Today's Editorial

Today's Editorial - 28 January 2023

Logged tropical forests can emit carbon into the atmosphere

Source: By Alind Chauhan: The Indian Express

A new study has found that tropical forests, which have been logged (cut down) or degraded, remain a source of carbon emission for at least a decade. The findings are contrary to a previous assumption – that recovering tropical forests absorb more carbon than they emit into the atmosphere because they witness rapid re-growth of trees.

The study compared data collected from both intact and logged forests and concluded that the latter release a substantial amount of carbon from its damaged soil and decaying deadwood.

Researchers Maria B. Mills (University of Leicester)Terhi Riutta (University of Oxford), Yadvinder Malhi, (University of Oxford) and others from the UKMalaysiaPeru and Australia authored the latest study, ‘Tropical forests post-logging are a persistent net carbon source to the atmosphere’, published in Proceedings of the National Academy of Sciences.

“Our data directly contradict the default assumption that recovering logged and degraded tropical forests are net carbon sinks, implying the amount of carbon being sequestered across the world’s tropical forests may be considerably lower than currently estimated,” the researchers wrote in the paper.

What is carbon sequestration and how do forests play a role in it?

Carbon sequestration is a crucial part of the global carbon cycle, as it is the process of capturing and storing atmospheric carbon dioxide. One of the ways this happens is when forests and other land vegetation absorb carbon dioxide during photosynthesis.

According to a 2014 NASA-led study, tropical forests remove up to 30 per cent of human carbon dioxide emissions from the atmosphere and make for an important carbon sink — an area which absorbs more carbon than releases it. Therefore, they have a significant role in keeping global temperatures low.

What makes this study’s findings different?

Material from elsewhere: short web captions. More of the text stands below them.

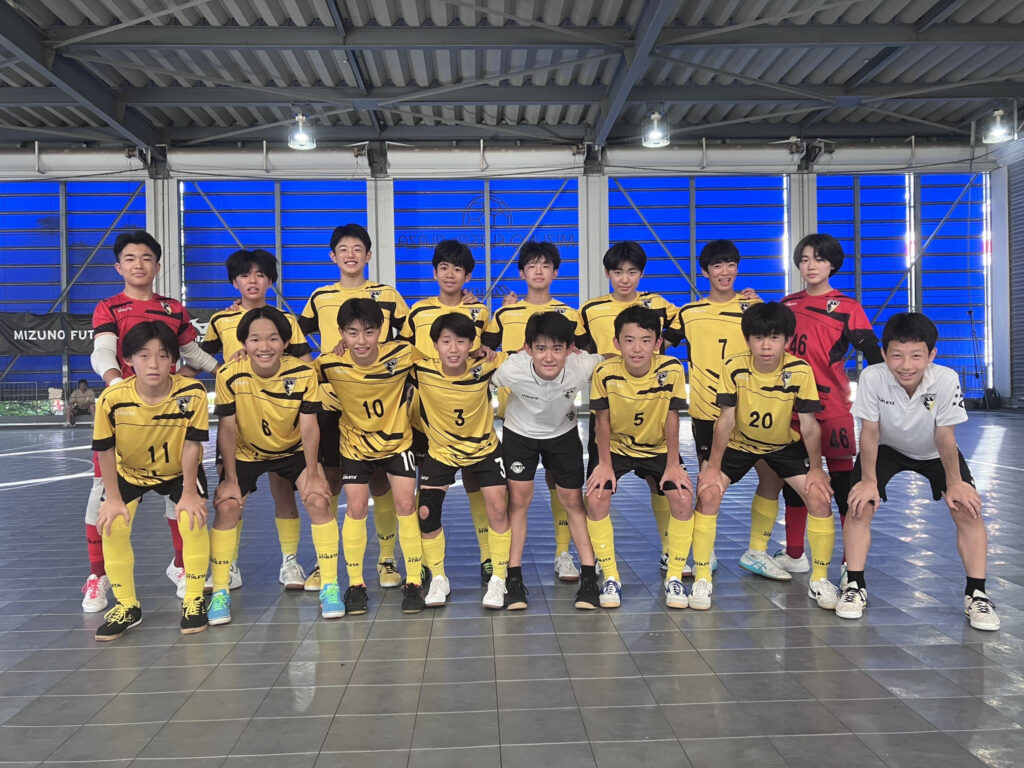 フットサル ペスカドーラ町田サイン Fリーグ開幕記念 ペスカドーラ町田 サイン入りフットサルボール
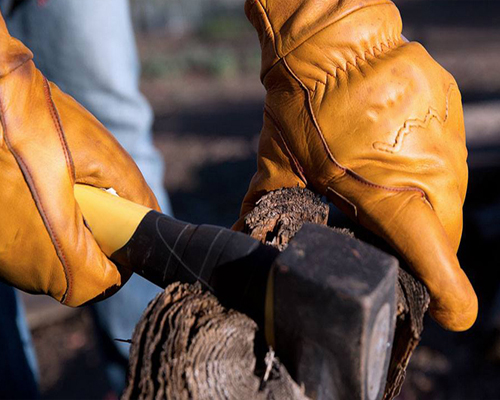 Work Gloves Manufacturer Work Gloves Manufacturer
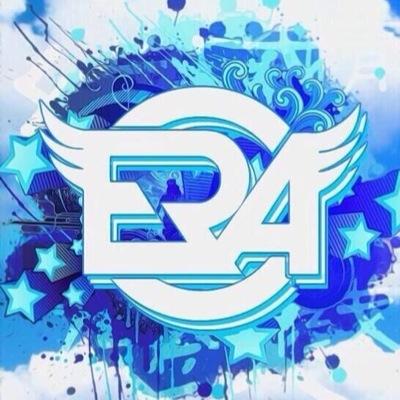i trickshot haha oh ya i feed to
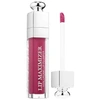 Dior Addict Lip Maximizer Plumping Gloss 006 Berry 0.2 oz/ 6 ml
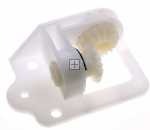 Foot - 49018036 Foot [Candy Hoover]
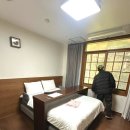 산후조리원 라크렘 | 분당 조용한 라크렘 산후조리원 내돈내산 후기 - 라크렘 산후조리원 위치/가격/룸/식사/주차/시설/아기...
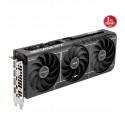 ASUS-PRIME-RTX5060TI-O16G-NVIDIA-GEFORCE-RTX 5060 TI-16G-16GB GDDR7-128BIT--OC-HDMI-3XDP-DLSS4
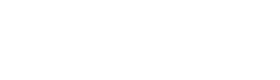 BackMeister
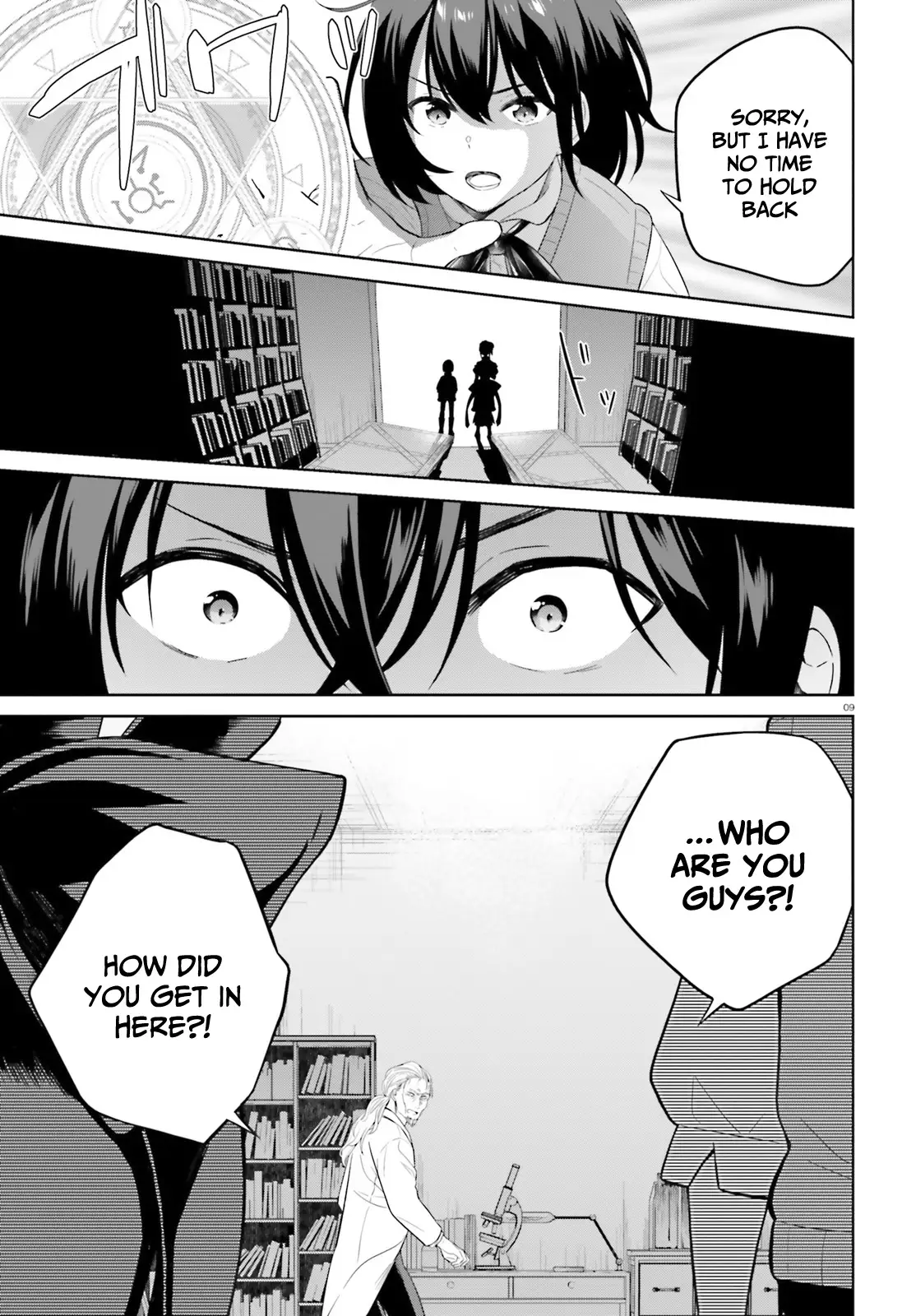 Page 10 of Chapter 22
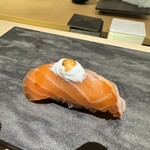AWA SUSHI 泡鮨 - 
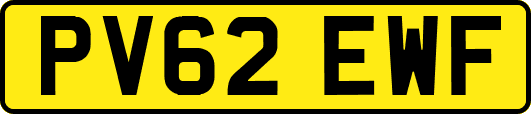 PV62EWF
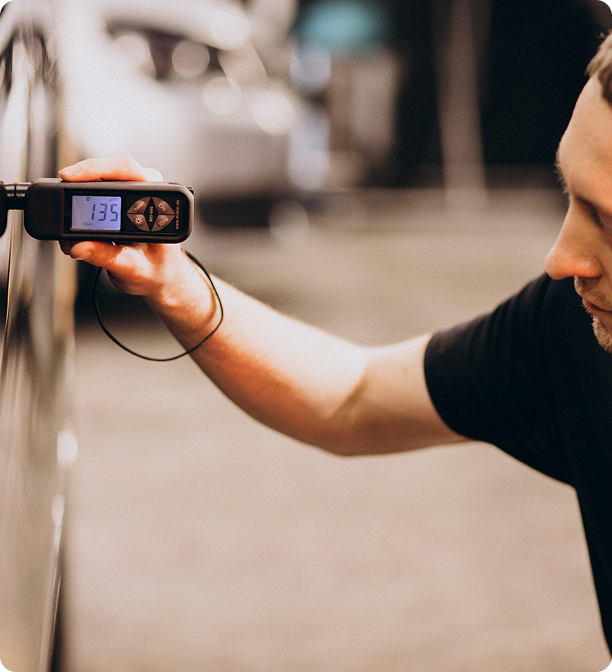 Multi-Large Language Model Implementation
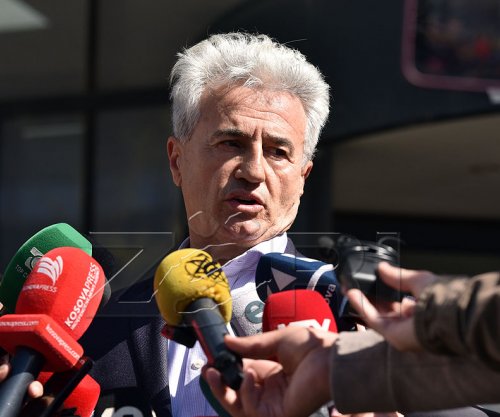 Koci për praninë e Njësisë Speciale në Skenderaj: Nëse dikush mendon që situata zgjidhet me polici, e ka gabim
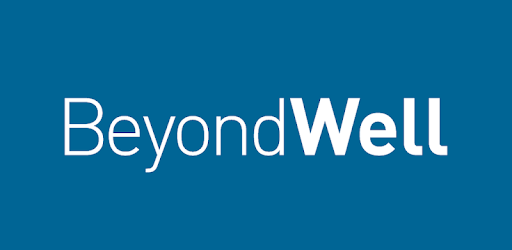 BeyondWell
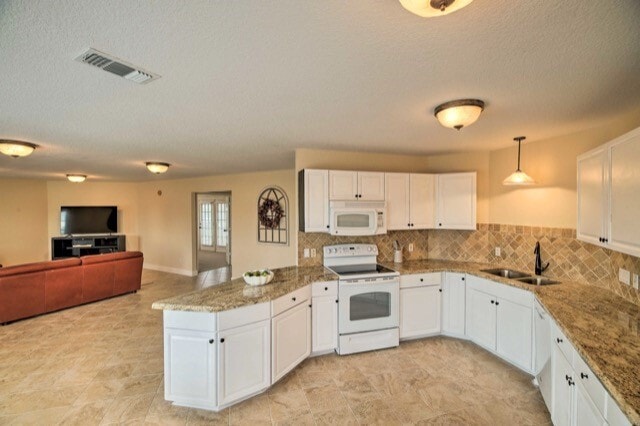 property at 605-606 6th St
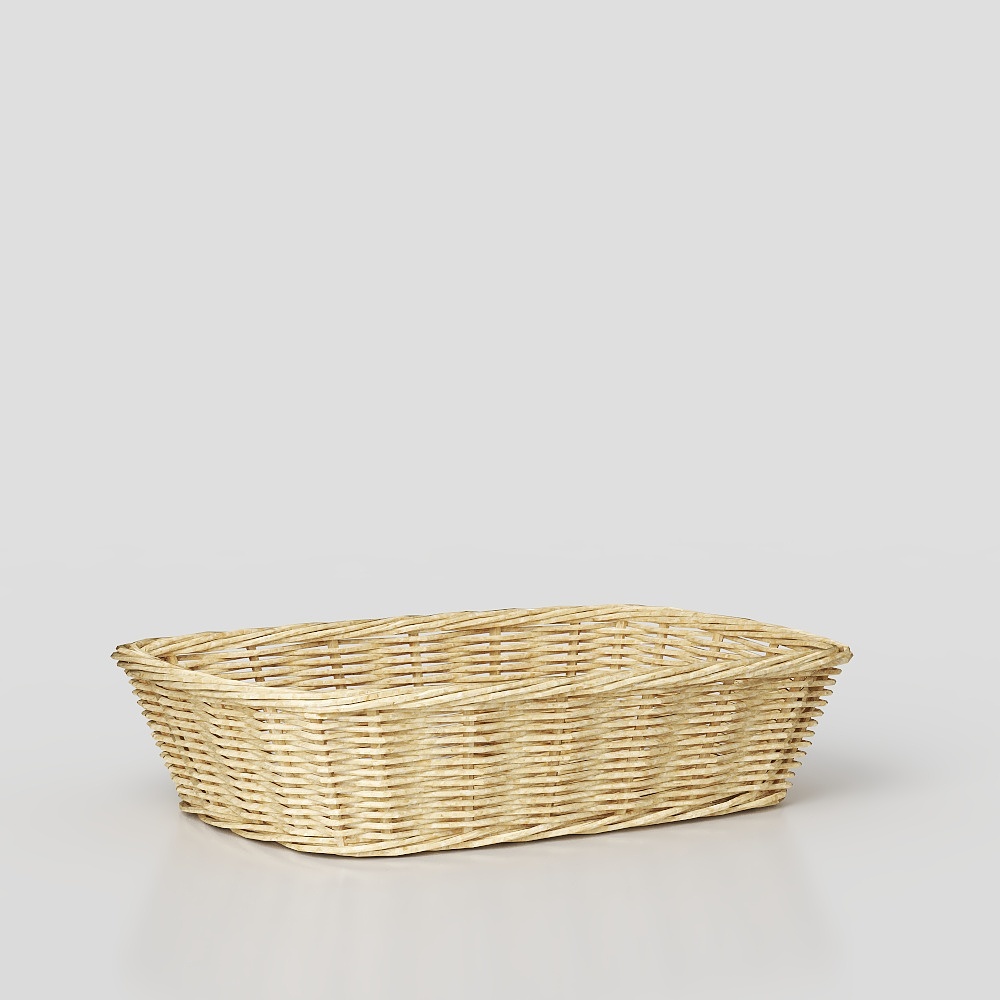 Giỏ lưu trữ mây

Many of the previous studies on recovering tropical forests estimated the amount of carbon being absorbed by them by only focusing on the regrowing of the trees.

“This means they are only measuring the sink function of the forest. If you imagine your bank account – it would be like only looking at your incomings, not your outgoings,” says Terhi Riutta, one of the authors of the study and a researcher with the University of Oxford, while talking to The Indian Express.

Unlike their predecessors, Riutta and her team also looked into how much carbon was released from the ground, meaning from soil and deadwood, to calculate the overall carbon budget of the logged and unlogged forests.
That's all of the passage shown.